RTT is not just time to the first byte of a web request. It's DNS. Its the TCP handshake. Its the SSL handshake. Its the time it takes to do a CORS check before an XHR. Its the time it takes to grow the congestion window (i.e. how fast you speed up from slow start) or confirm revocation status of the SSL certificate. Its the time it takes to do an HTTP redirect. And it is the time you're stalled while you recover from a packet loss. They're all some factor of RTT.

HTTP/2 and SPDY take the first step of dealing with this by creating a prioritized and muxxed protocol which tends to make it more often bandwidth bound than HTTP/1 is. But even that protocol still has lots of hidden RTT scaling algorithms in it.


Tuesday, May 28, 2013

If a tree falls in a forest and nobody is there to hear it..

Robert Koch's Masters Thesis about websockets security and adoption is linked.

One interesting tidbit - he surveyed 15K free apps from the google play store and saw only 14 that use websockets. Previous surveys of traditional websites have seen similarly poor uptake.

WS certainly isn't optimal, but it has a few pretty interesting properties and its sad to see it underused. I suspect its reliance on a different server and infrastructure stack is part of the reason.


Thursday, March 7, 2013

Firefox Nightly on WebPageTest

Thanks to Google's amazing Pat Meenan, Firefox nightly has been added to webpagetest.org - just make sure to select the Dulles VA location to be able to use it.
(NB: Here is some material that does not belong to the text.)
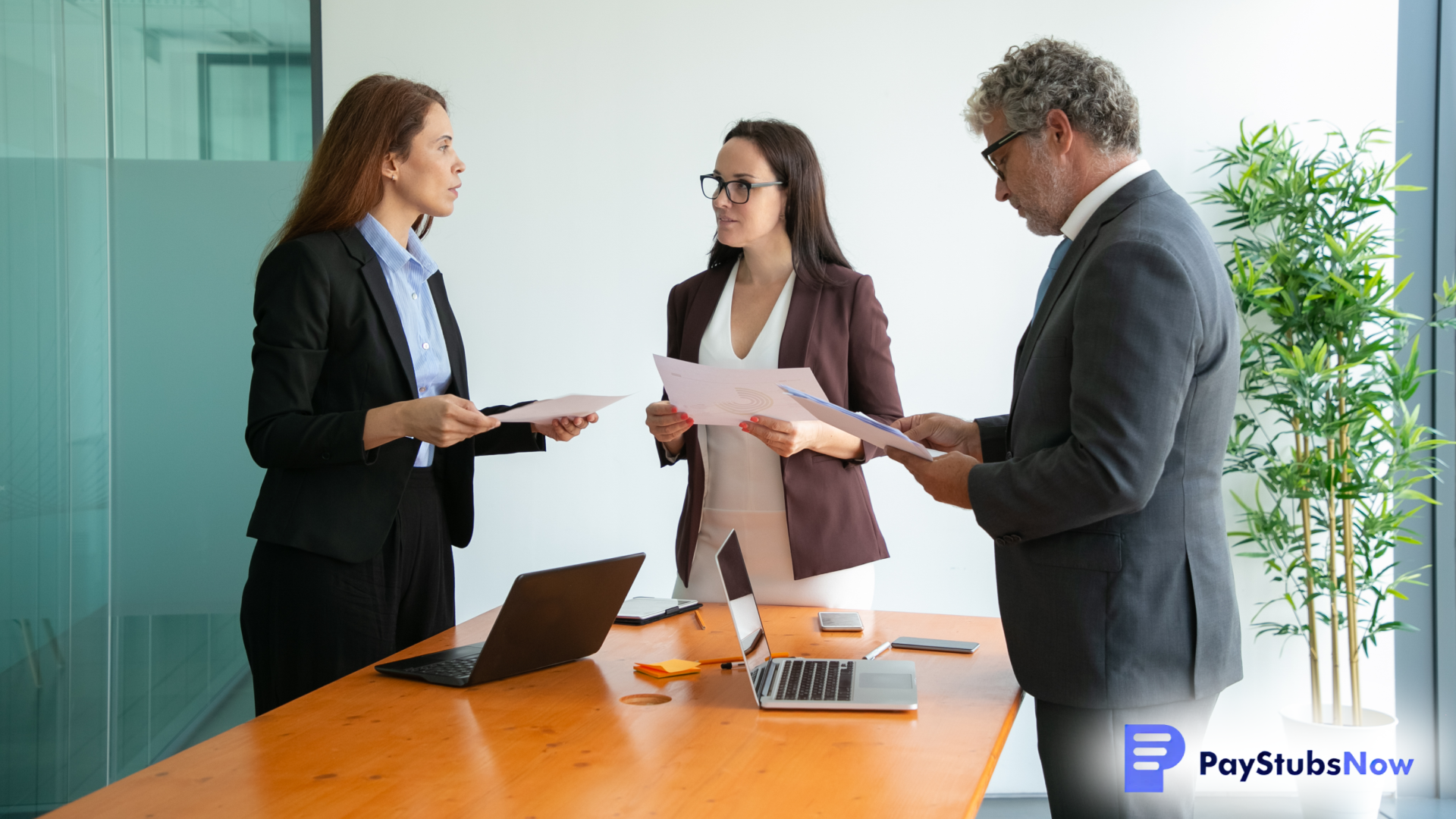 Three professionals stand around a conference table in an office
He shared the news on twitter. Thanks Pat!

WPT is a gold standard tool and to be able to see it reflect (and validate/repudiate) changes in nightly is really terrific addition.




Monday, January 14, 2013

On Induced Latency and Loss

The estimable Mark Allman has a new paper out in the latest ACM CCR dealing with data collection around buffering in the Internet. If you respect a good characterization paper as much as I do - you should read it and a couple related mailing list threads here and here. The paper is only 7 pages; go read it -- this blog post will wait for you.

The paper's title, Comments on Bufferbloat, in my mind undersells the contributions of the paper. Colloquially I consider bufferbloat to refer specifically to deeply filled queues at or below the IP layer that create latency problems for real-time applications using different transport layer flows. (e.g. FTP/Torrent/WebBrowser creating problems for perhaps unrelated VOIP). But the paper provides valuable data on real world levels of induced latency where it has implications for TCP Initial Window (IW) sending sizes and the web-browser centric concern of managing connection parallelism in a world with diverse buffer sizes and IWs. That's why I'm writing about it here.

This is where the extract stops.